Both of her parents were born in Canada. Her father, Vernon McDormand, was a Disciples of Christ minister and her mother, Noreen McDormand, a housewife.
She attended Bethany College, Bethany, West Virginia and received her B.A. in Theater, 1979. Then she attended Yale University School of Drama, New Haven, Connecticut and received her M.F.A., 1982.
Was jury president of Berlin film festival 2004.
Her Oscar-winning role, as Marge Gunderson from her 1996 film Fargo (1996), was ranked #33 in the American Film Institute's Heroes list in their 100 years of The Greatest Screen Heroes and Villains.
Was nominated for Broadway's 1988 Tony Award as Best Actress (Play) for a revival of Tennessee Williams' "A Streetcar Named Desire."
Frances McDormand Detailed Biography
Born the daughter of an Illinois minister on June 23, 1957, Frances McDormand attended West Virginia's Bethany College and later studied acting at the prestigious Yale Drama School.
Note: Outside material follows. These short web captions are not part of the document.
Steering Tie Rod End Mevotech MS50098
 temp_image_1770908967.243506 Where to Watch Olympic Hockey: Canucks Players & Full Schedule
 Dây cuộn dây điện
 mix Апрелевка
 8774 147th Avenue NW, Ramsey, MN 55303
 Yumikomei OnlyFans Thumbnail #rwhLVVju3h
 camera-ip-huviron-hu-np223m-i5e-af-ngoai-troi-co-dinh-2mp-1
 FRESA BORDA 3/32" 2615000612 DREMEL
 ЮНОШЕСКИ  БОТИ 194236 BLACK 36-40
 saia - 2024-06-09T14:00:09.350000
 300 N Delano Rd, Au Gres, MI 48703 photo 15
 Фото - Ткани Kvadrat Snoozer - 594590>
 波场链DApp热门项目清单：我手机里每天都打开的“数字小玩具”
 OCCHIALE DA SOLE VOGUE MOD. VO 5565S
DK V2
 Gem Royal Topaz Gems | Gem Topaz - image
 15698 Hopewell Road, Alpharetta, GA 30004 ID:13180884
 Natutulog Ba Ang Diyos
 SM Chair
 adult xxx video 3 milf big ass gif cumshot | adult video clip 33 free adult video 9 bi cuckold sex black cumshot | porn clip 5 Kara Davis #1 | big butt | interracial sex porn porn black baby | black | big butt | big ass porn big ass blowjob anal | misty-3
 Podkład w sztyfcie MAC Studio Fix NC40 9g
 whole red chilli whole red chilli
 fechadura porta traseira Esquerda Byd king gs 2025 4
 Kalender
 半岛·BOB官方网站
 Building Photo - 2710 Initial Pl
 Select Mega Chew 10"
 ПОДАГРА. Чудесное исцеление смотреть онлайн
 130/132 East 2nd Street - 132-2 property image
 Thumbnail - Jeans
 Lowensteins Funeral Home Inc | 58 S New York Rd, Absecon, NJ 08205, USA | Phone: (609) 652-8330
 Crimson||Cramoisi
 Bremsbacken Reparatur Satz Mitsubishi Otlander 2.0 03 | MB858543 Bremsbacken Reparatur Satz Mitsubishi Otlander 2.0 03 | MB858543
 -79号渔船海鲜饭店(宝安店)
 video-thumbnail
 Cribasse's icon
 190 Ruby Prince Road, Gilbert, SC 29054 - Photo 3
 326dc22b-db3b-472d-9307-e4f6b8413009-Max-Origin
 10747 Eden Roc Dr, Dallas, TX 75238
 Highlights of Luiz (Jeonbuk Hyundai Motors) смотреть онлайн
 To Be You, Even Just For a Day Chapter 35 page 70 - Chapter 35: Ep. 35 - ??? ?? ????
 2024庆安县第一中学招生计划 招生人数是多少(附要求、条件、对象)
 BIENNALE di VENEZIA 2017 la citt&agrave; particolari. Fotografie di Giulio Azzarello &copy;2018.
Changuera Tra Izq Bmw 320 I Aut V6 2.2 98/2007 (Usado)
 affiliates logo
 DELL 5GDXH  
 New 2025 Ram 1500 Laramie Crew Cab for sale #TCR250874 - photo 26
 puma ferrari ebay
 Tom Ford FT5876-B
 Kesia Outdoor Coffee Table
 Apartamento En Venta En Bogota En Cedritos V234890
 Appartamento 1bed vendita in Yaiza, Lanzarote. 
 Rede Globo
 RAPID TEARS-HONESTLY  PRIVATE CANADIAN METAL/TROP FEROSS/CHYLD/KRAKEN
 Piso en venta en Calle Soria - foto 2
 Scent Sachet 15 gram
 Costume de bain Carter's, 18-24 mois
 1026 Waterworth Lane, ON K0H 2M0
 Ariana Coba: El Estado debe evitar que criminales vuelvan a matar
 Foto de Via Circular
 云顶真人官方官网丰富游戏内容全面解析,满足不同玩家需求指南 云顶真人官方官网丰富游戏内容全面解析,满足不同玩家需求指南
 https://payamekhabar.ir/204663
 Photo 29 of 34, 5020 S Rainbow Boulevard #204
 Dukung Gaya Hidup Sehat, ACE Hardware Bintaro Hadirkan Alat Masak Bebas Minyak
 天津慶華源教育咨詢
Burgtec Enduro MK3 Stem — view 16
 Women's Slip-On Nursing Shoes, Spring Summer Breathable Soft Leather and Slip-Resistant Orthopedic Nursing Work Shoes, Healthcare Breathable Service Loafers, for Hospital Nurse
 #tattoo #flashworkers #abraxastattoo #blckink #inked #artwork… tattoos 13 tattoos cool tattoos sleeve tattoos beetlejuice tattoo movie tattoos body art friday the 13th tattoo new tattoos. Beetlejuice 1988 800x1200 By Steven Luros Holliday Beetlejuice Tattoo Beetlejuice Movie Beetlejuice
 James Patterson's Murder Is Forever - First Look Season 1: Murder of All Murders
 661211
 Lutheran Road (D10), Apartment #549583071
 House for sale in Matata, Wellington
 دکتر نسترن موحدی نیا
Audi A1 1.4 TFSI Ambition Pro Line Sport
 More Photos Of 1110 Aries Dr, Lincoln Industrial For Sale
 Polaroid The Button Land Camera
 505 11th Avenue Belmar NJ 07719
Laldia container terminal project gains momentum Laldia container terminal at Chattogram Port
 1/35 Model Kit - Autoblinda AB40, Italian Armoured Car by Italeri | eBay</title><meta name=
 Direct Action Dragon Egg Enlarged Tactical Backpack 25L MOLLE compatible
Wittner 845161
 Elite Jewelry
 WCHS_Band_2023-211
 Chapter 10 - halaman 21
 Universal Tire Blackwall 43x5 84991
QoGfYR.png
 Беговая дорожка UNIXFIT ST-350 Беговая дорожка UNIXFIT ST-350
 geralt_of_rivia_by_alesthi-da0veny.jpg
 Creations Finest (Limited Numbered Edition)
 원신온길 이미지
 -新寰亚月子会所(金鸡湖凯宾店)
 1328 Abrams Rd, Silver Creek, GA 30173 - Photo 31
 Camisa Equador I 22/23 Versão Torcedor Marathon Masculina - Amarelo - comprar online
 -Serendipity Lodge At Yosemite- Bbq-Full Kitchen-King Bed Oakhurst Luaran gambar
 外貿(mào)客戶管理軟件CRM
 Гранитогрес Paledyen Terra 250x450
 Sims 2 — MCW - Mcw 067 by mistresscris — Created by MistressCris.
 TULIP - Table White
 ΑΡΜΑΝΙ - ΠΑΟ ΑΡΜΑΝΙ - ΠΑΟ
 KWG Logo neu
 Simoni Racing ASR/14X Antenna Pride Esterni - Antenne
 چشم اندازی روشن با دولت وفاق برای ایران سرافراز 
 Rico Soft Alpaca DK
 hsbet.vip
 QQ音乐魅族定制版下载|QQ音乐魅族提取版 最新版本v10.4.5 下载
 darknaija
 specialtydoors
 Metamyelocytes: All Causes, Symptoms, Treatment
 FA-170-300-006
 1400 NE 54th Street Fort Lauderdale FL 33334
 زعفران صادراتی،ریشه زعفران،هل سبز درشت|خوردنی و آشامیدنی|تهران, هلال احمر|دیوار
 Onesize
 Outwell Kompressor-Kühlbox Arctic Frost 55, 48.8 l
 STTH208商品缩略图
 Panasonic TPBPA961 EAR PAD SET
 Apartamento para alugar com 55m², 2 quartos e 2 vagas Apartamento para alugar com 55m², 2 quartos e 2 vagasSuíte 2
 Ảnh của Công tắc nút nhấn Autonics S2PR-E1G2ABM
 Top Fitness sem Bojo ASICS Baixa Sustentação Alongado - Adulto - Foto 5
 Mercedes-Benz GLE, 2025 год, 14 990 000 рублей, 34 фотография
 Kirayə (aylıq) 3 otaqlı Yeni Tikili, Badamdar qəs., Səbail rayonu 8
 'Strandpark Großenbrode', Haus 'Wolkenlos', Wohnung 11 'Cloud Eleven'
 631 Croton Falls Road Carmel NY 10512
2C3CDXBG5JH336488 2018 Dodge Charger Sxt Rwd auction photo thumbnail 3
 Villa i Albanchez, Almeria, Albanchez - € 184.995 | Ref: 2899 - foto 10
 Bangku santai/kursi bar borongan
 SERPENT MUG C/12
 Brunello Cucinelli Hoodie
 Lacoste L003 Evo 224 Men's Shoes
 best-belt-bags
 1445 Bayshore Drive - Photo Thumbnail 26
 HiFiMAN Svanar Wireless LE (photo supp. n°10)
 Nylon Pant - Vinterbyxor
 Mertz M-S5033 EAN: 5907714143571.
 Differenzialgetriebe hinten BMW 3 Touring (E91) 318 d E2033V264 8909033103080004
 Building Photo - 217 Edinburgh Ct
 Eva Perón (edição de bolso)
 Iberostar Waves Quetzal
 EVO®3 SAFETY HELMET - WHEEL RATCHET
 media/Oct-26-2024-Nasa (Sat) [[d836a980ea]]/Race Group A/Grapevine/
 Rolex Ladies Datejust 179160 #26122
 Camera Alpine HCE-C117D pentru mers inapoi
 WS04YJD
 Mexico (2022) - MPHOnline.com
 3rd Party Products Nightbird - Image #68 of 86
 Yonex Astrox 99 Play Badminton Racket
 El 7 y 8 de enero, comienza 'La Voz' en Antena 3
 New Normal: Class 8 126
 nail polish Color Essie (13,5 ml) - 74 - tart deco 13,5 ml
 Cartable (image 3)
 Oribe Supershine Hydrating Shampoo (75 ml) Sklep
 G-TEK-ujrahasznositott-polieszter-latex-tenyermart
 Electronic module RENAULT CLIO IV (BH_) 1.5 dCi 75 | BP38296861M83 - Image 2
After her graduation, Frances McDormand could be seen gaining professional experience in numerous stage productions across the country. In 1984, Frances McDormand made her film debut playing a somewhat dim-witted adulterous wife in the Coen brothers' Blood Simple, thus beginning an association that would culminate in her marriage to director Joel Coen during the same year. Despite winning critical acclaim for her performance, it would be four years, save for a cameo in the Coens' Raising Arizona (1987) and various small roles, before she would be featured in another major film production. In the meantime, Frances McDormand's stage career flourished, and she received a Tony nomination for the 1987 Broadway production of A Streetcar Named Desire. She also did periodic television work, co-starring on the short-lived detective drama Legwork (1987) and appearing in a recurring role on Hill Street Blues.
In 1988, Frances McDormand found her way back into the Hollywood spotlight, and won an Oscar nomination for her role as a Klan wife who testifies against a good ol' boy sheriff in Alan Parker's Mississippi Burning. Frances McDormand's film career picked up significantly afterwards, and led to appearances in a wide variety of well-wrought dramas, including Darkman (1990), in which she played a scientist's (Liam Neeson) vigilante girlfriend, and in Ken Loach's controversial Hidden Agenda (1990), which featured the actress one of a group of American attorneys working to improve prisoner rights throughout a war-torn Ireland. 1990 would also find Frances McDormand playing a small role in the Coens' Miller's Crossing, which led to a similar performance in Robert Altman's Shortcuts (1993). In 1996, Frances McDormand won a Best Actress Academy Award for her portrayal of sheriff Marge Gunderson in Fargo, yet another Coen brothers film. The following year, she co-starred as a German doctor in Bruce Beresford's WWII drama Paradise Road, and then tried her hand at children's films with a starring role in Madeline (1998).
In 2000, Frances McDormand could be seen playing the well-meaning, yet unarguably over-protective mother in Cameron Crowe's hugely successful coming-of-age drama Almost Famous, and achieved similar success playing another adulterous wife in Curtis Hanson's Wonder Boys (2000). In 2001, Frances McDormand could be seen playing a camped out version of film-noir's dames of old in Joel Coen's The Man Who Wasn't There, though her subsequent roles in 2002's Laurel Canyon and City By the Sea did not achieve the popular or critical success typical of her past endeavors. In 2003, Frances McDormand played a supporting role alongside Diane Keaton in Nancy Meyers' Something's Gotta Give.